Undeterred, they decided to hit the road and headed off to play a series of concerts in one of their old heartlands, Japan. The demand for tickets was huge; what had been conceived as a month-long testing of the water turned into a year's world tour that included America. Last summer it ended up in Britain, where Duran Duran played 17 arena shows, their biggest-ever UK tour.

In the face of such public support, the boss of Sony Music US, Donny Einer, decided that the band weren't a bunch of Eighties hasbeens after all, and signed them to a worldwide contract. "It's the kind of deal people can lose their jobs over," John says. He won't talk numbers.

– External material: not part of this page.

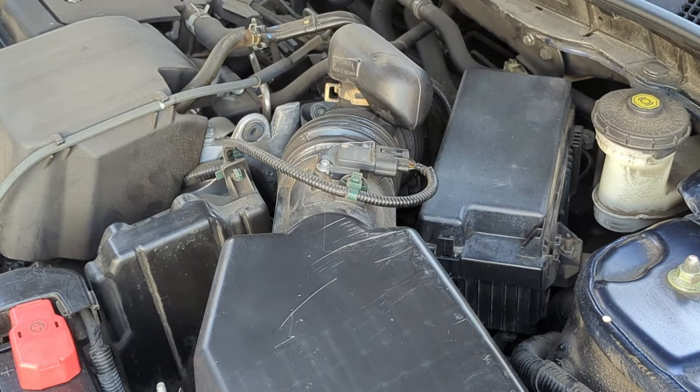Most vehicles feature two fuse boxes — one on the driver's side near the instrument panel and the other under the hood. For this video, I will test the fuse box under the hood.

The band member who thinks the biggest thoughts, Nick Rhodes, believes Duran Duran's re-emergence signals a shift in the way we view the period from 1980 to 1985, when videos featuring the band messing around in yachts and frolicking with bikini-clad girls were all over our screens. "Every band needs to reflect its times, and I think we probably did that almost too well. For years, the general view was that the early Eighties was all about Thatcherism, greed and excess, but it was an incredibly exciting time."

He reels off an impressive list of the creative types who thronged New York when he and the band used to hang out in Manhattan: artists such as Keith Haring (who once painted the set while they appeared live on MTV), fashion designers, and musicians from Madonna and Laurie Anderson to the early pioneers of hip hop. "People were more open then to extravagant, flamboyant ideas."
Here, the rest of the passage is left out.